-- THE DATA follows --

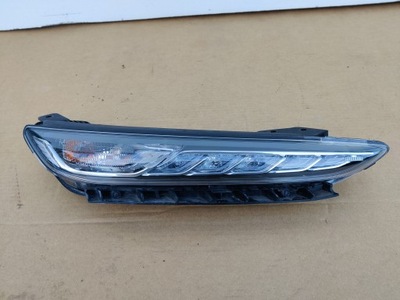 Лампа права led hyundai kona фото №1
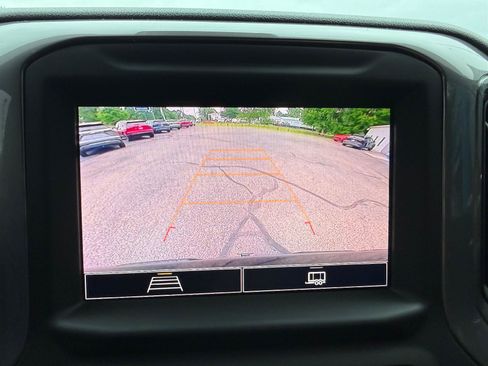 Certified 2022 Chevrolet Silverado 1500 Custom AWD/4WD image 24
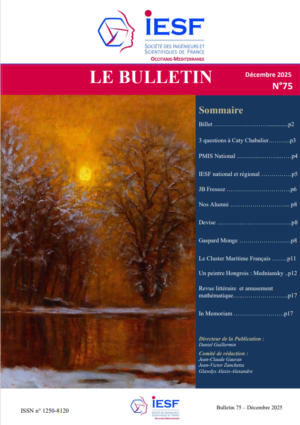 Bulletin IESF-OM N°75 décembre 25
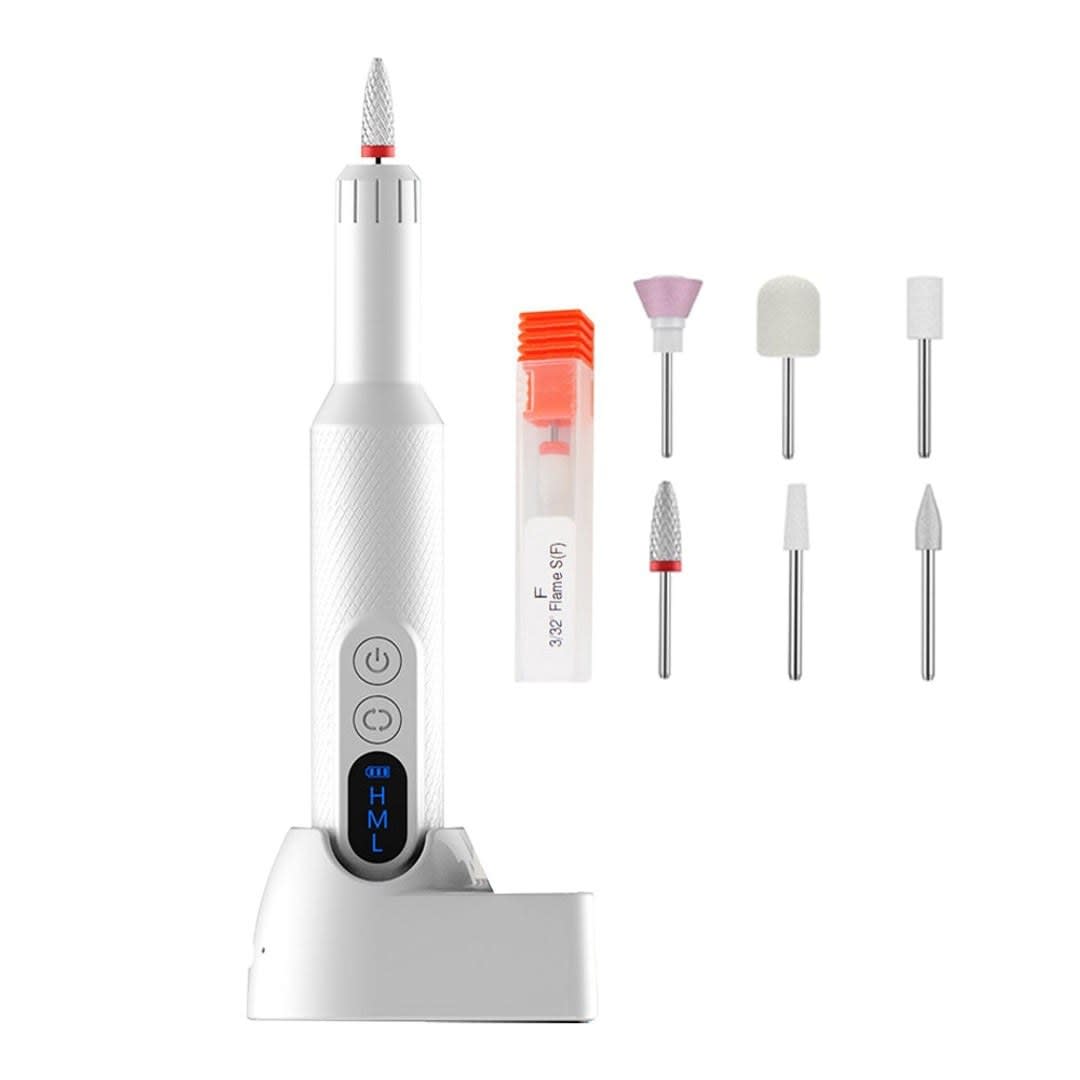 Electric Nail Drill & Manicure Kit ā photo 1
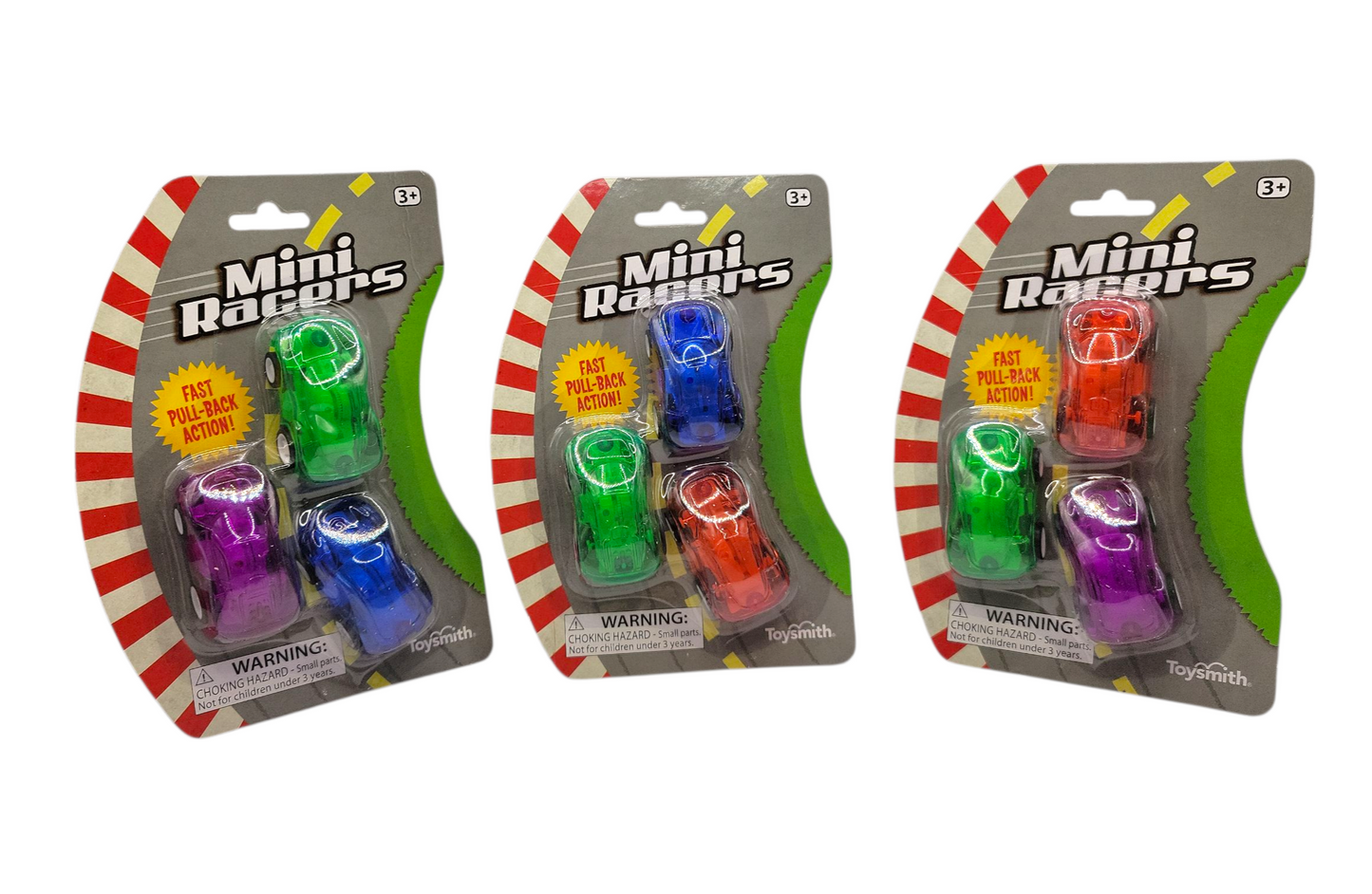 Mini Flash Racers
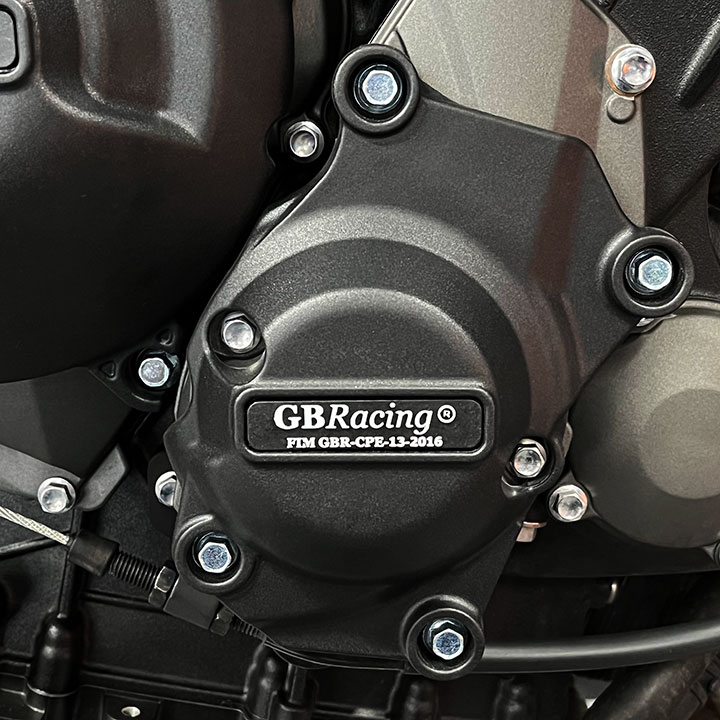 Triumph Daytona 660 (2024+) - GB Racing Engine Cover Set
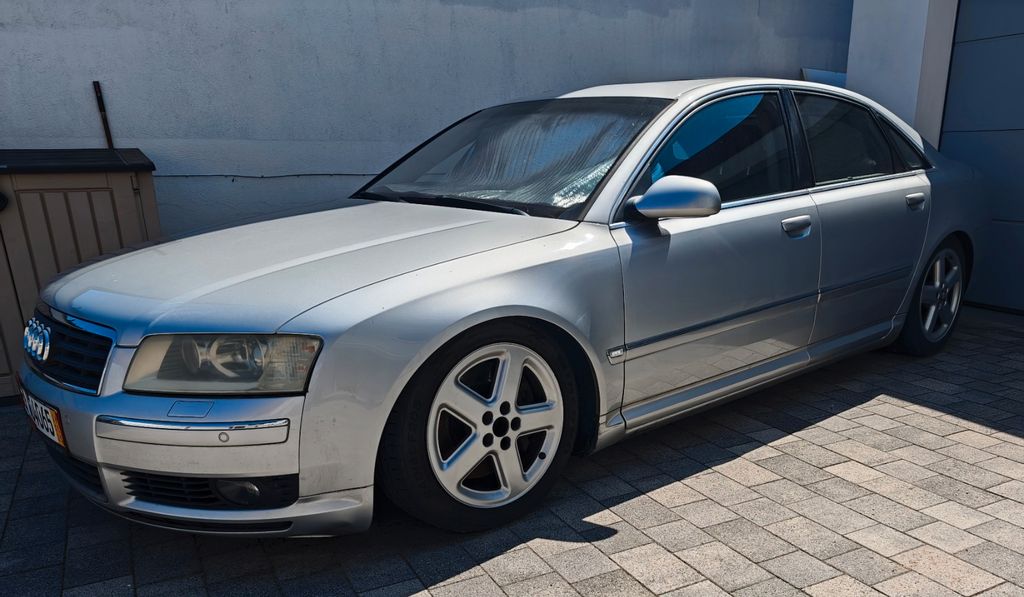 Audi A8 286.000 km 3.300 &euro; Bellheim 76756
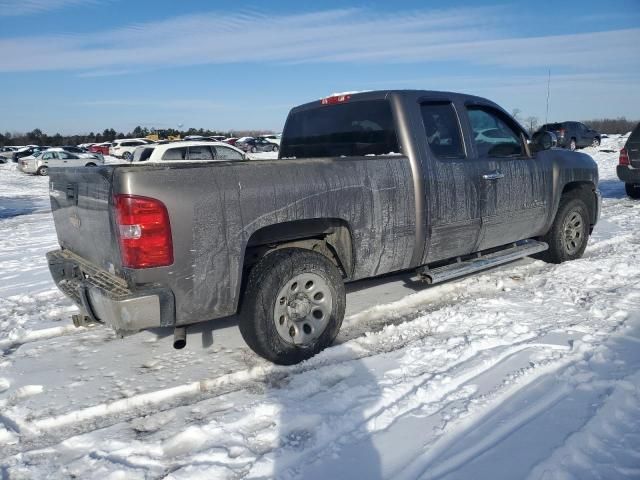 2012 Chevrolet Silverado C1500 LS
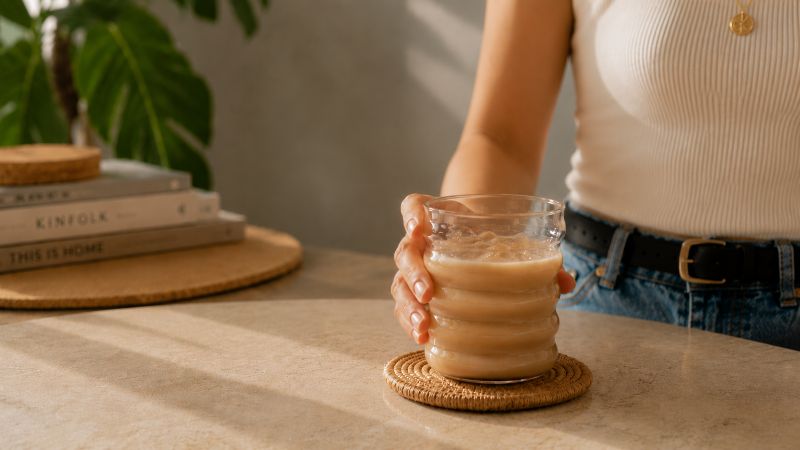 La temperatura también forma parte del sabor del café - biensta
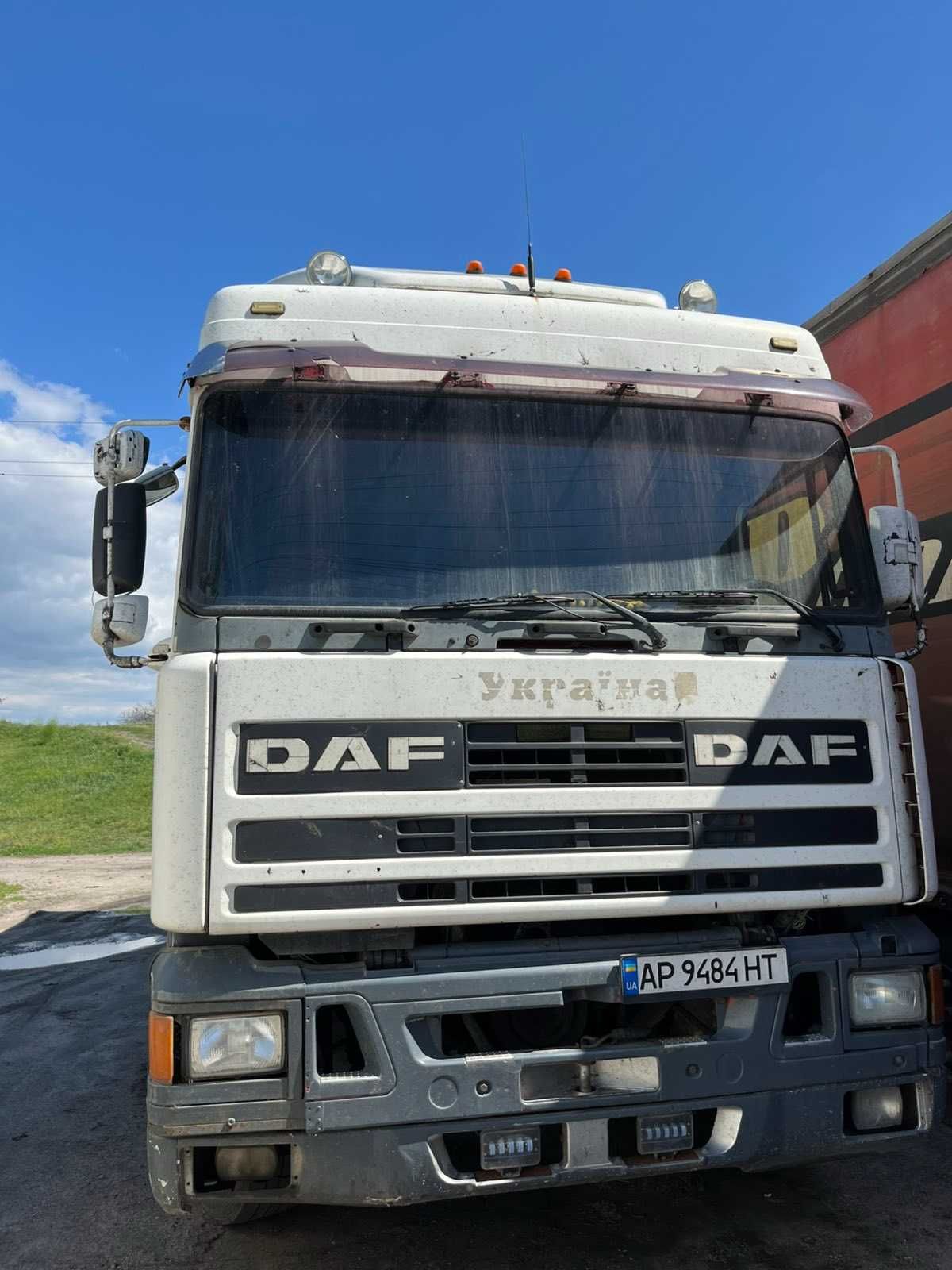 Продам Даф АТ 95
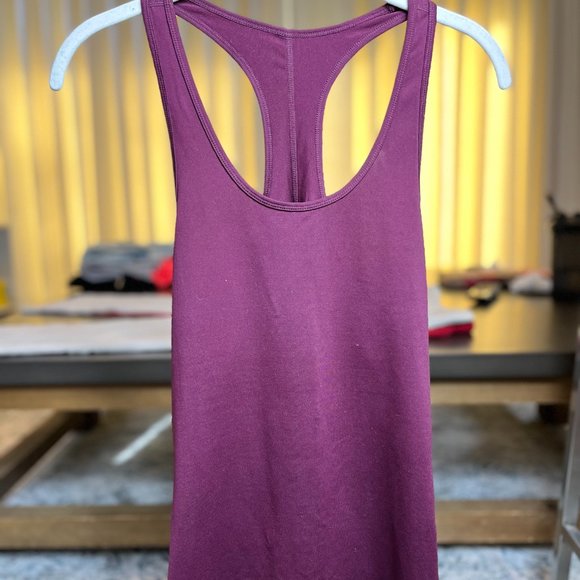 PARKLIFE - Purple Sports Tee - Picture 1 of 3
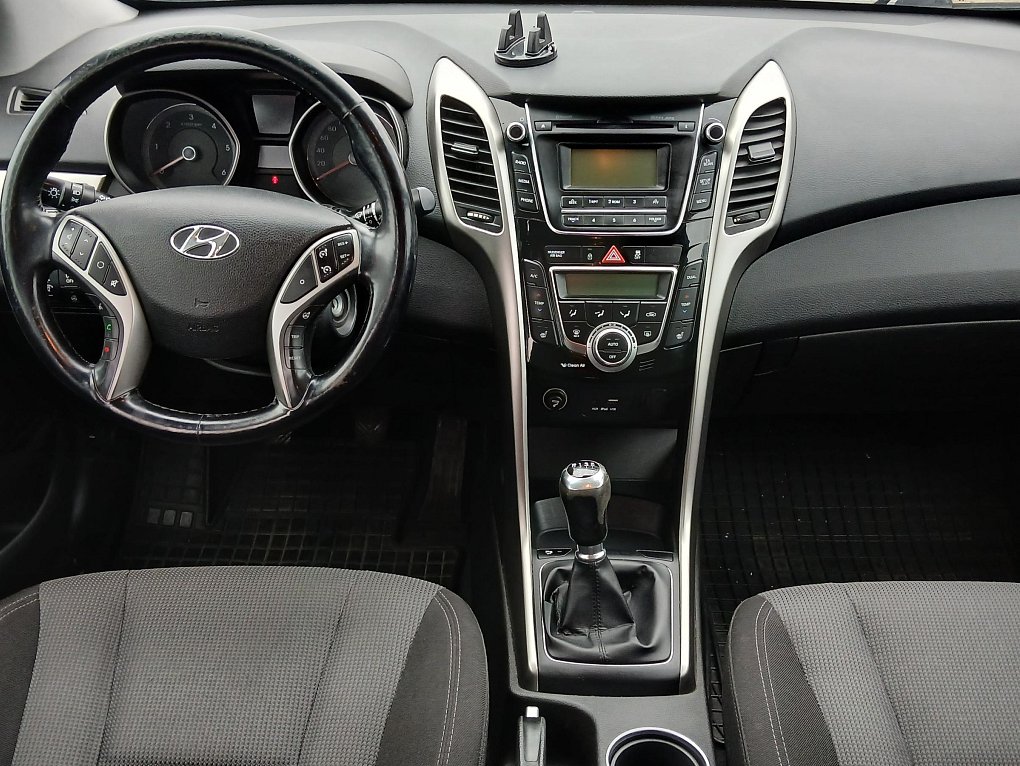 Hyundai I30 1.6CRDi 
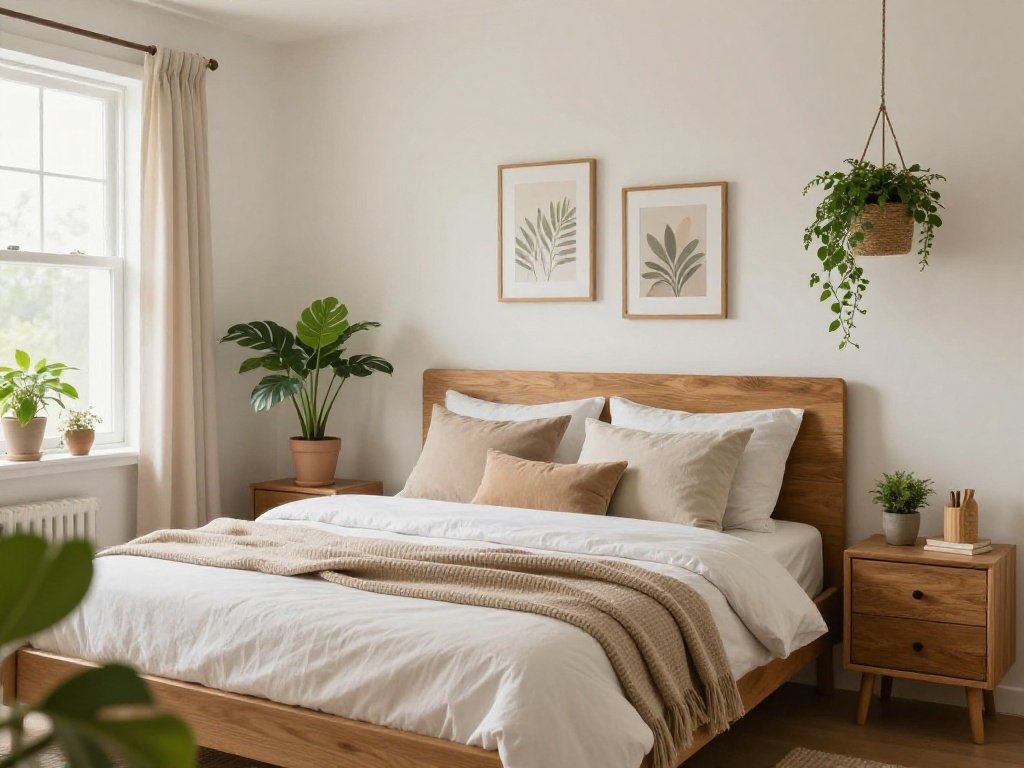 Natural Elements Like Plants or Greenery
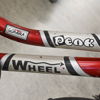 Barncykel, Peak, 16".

-- THE DATA concluded --

> **ACTIVITY**: Write out exactly the stretch of lines that begins with the line containing "Electric Nail Drill & Manicure Kit ā photo 1" and ends with the last line of the records above, leaving out the pictures.

> **ANSWER SECTION**:
 Electric Nail Drill & Manicure Kit ā photo 1
 Mini Flash Racers
 Triumph Daytona 660 (2024+) - GB Racing Engine Cover Set
 Audi A8 286.000 km 3.300 &euro; Bellheim 76756
 2012 Chevrolet Silverado C1500 LS
 La temperatura también forma parte del sabor del café - biensta
 Продам Даф АТ 95
 PARKLIFE - Purple Sports Tee - Picture 1 of 3
 Hyundai I30 1.6CRDi 
 Natural Elements Like Plants or Greenery
 Barncykel, Peak, 16".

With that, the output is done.